Children of a Lesser God?

An eight-year old famished boy is howling for milk. His frustrated mother pours a colourless liquid into the glass the child helds out expectantly towards her. The little boy drains the liquid in a hurry.
After a while, the mother is seen carrying her son who had fallen asleep in the dirty yard outside, into the hut. The boy had apparently passed out after drinking the liquid. The liquid his mother poured into that little boy’s glass was hard liquor.
This is not a cooked up story, it is the cold-blooded reality of everyday life in a village called Saharsa in Bihar.
Shocked? Well, I am still reeling from it. I happened to watch this in a television channel and am yet to recover from the brutal unfairness of it all.
Children of this village are given hard liquor to fill their stomachs, to prevent them from pestering their parents for food, and to eventually push them into a deep unnatural slumber. Yes, sleeping children are never hungry and do not cry for food. If these little children are fortunate, they will get to have one meal a day; otherwise, they will have to retire at night with only alcohol in their rumbling stomachs and hazy, inebriated dreams to keep company.
Even the adults consume hard liquor to keep hunger temporarily at bay and to acquire some unnatural energy to continue with their menial day to day jobs.
Is it not truly shameful and disgusting that such unfair divide exists in our country even after fifty nine years of independence? On one side, we proudly exhibit meteoric industrial boom, glitter and glamour of the movie world and fashional IT parks and shopping malls in every nook and corner of the country. And on the other, this utterly tragic reality of hungry drunken children.
No wonder it is rightly said that India truly lives in her villages.
Next time you coax your child into drinking milk, do remember the little children in a remote village in Saharsa who dream of quenching their thirst with milk, but instead end up getting drunk with hard liquor.

Thursday, July 20, 2006

Rain-kissed Earth

It is pouring in Parasuram’s land, Kerala; pouring to the beat of temple music, kathakali and folklore. Yes, rain does not diminish the artistic sensibilities of the people of God’s Own Country; on the contrary, rain complements the festivities. When the rain Gods magnanimously lavish all their attention on this land, she, like a love-sick bride waiting to be bathed by the first showers, opens up in all her splendour to her amorous lover. After the rain touches her beautiful surfaces, she blooms and glows in her multi-coloured hues. Her joy can be palpably seen and felt in the awesome green mountains, the overflowing lakes, the lush paddy fields and in the wet smiling faces of the people.

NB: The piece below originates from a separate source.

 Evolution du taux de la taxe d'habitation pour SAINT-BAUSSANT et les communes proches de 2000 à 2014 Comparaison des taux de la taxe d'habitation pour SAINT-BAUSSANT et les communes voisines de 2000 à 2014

I am reminded of the excitement of waking up early on a rainy day and going to the temple with hair dripping from a wash and reveling in the surreal charm of the reflection of the lamps on the wet gleaming black stones of the temple. It is truly a fairy-tale sight, straight out of the heavens.

Rains usher in memories of childhood: of gleefully getting wet and wetting others, of bathing in the family pond in the midst of non-stop showers, of snuggling to the warm bosom of my mother to escape the cold, of listening to my grandmother recite stories and sing devotional songs to keep her grandchildren indoors, of creating a ruckus with my cousins, of savouring the hot piping delicacies made in the family kitchen and most of all; of moments lived with gay abandon when life was a rain-filled, joy-filled and laughter-filled existence.